A realidade paralela

Alguns brasileiros, ainda bem que em minoria, insistem em viver uma realidade paralela. Para eles hoje o Brasil é um país que deixou a corrupção para trás, temos uma economia vigorosa, não há desemprego, nem fome, a Amazônia está preservada, estamos vencendo a pandemia graças a uma ação competente e determinada do governo federal, inexiste a política do toma-lá-dá-cá na nomeação dos cargos do poder executivo, há respeito à ciência, adota-se uma postura de transparência nos atos governamentais, respeito à liberdade de imprensa e obediência à Constituição.

Discursos que não se amparam nos fatos. Delírios ideológicos com o propósito de esconder as verdades evidentes. A robotização da comunicação e as redes sociais, mantêm essa retórica tentando minar as estruturas democráticas que formam a sociedade civil, com o olhar voltado para as eleições do próximo ano. A mentira sistematizada oficialmente. Os debates baseados nas emoções, não nos argumentos. O campo da política dominado por manifestações de incivilidade.

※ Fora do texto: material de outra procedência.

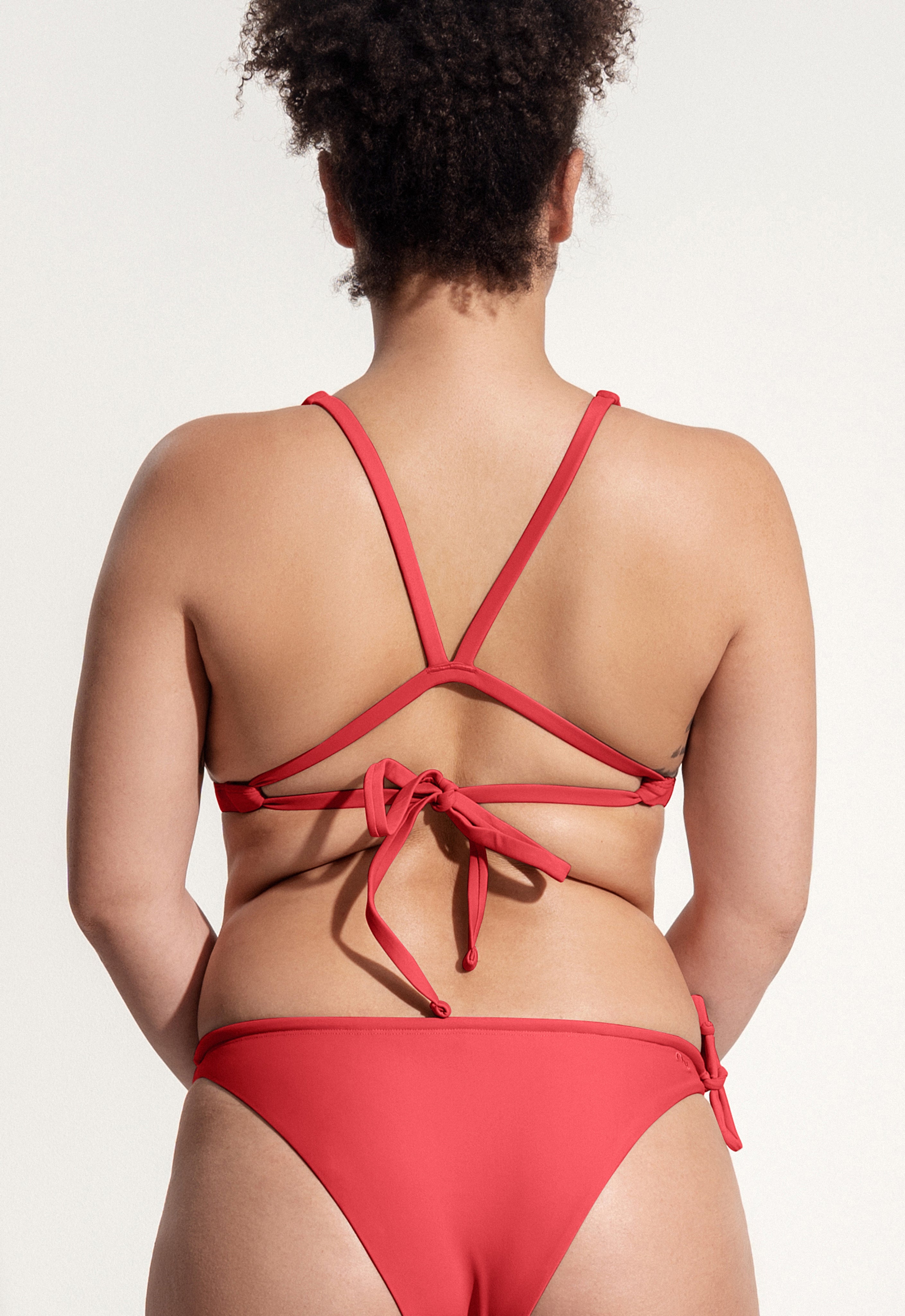 Surf Bikini Oberteil „Coho“ in Erdbeerrot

Impressiona que pessoas, mesmo aqui morando, aceitem conformadas essa intencional distorção da realidade que estamos vivendo. A cena política e econômica do país contraria profundamente os disparates teimosamente propagados. Ignoram estranhamente os graves problemas reais que estão a nos afligir. Como se estivéssemos vivendo o mundo das maravilhas. A construção de um mundo da fantasia.

Felizmente esses devaneios autoritários e reacionários estão fazendo com que muitos estejam acordando para a trágica realidade. O sonho do autogolpe já foi entendido como impossível. Mas não desistem de criar ilusões que mantenham uma base de apoio político que garanta, pelo menos, disputar a reeleição com chances de ir ao segundo turno. Porém a racionalidade começa a imperar majoritariamente.

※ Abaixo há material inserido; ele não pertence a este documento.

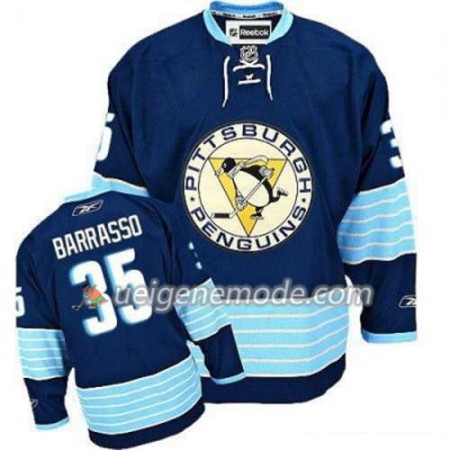Reebok Herren Eishockey Pittsburgh Penguins Trikot Tom Barrasso 35 Blau Ausweich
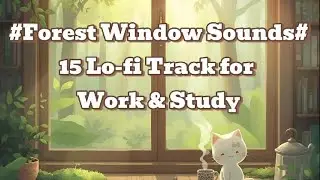 Week #2 | Forest Window Sounds • Slow Lofi + Birdsong & Leaves Ambience for Intense Concentration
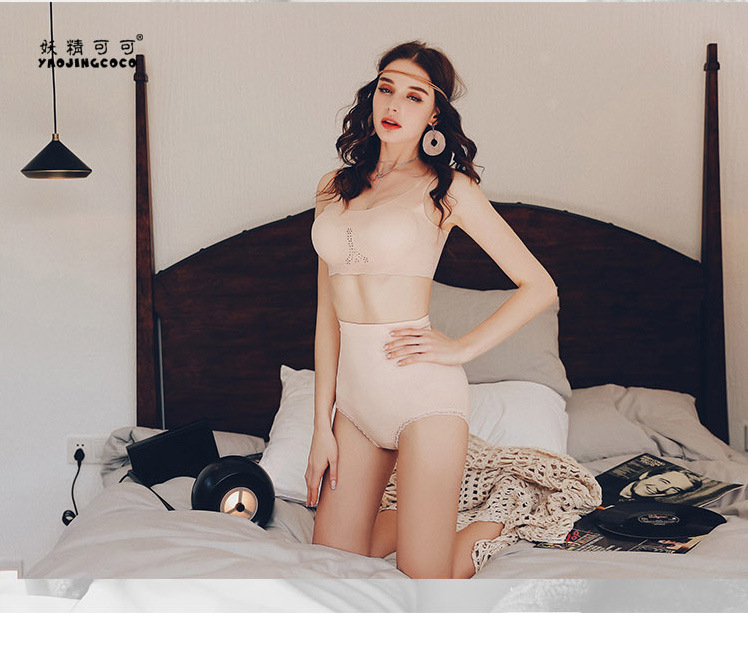 Good quality goblin cacao high-waisted trousers, high waist, underwear, underwear, shapeless body shape.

O sociólogo americano William Thomas afirma que “quando uma ilusão é percebida como algo real, mesmo não sendo, tem as mesmas consequências que a realidade”. É isso que estamos experimentando. Os populistas da extrema direita são profundamente narcisistas, o que os motiva a estarem sempre buscando promover espetáculos que os coloquem no centro das atenções. O entretenimento é muito importante para eles. Isso ajuda o jogo da manipulação de consciências. O diversionismo como estratégia para camuflar a falta de competência e propositividade, transferindo responsabilidades de suas ineficiências para os adversários.

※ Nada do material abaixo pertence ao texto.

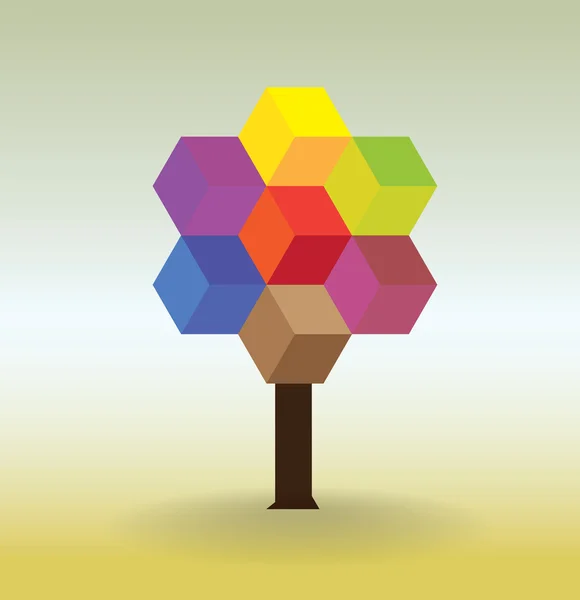 Symbolbild Baum — Stockfoto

Esta realidade paralela que forçam criar está fundamentada em três tipos de ações: 1. O uso de fatos alternativos para elaborar suas narrativas; 2. A terceirização de responsabilidades; e 3. A produção de tensionamentos com outros atores e instituições, ao se verem pressionados por crises. Para eles a verdade não é um valor absoluto. Pode ser relativizada para atendimento de seus interesses, na compreensão de que não deva ser oferecido espaços para contestações, fazendo com que a versão seja mais importante que os fatos.

Essa realidade paralela está restrita aos que fecham os olhos para o óbvio, recusando a percepção da situação verdadeira que salta à vista dos que têm consciência crítica e bom senso.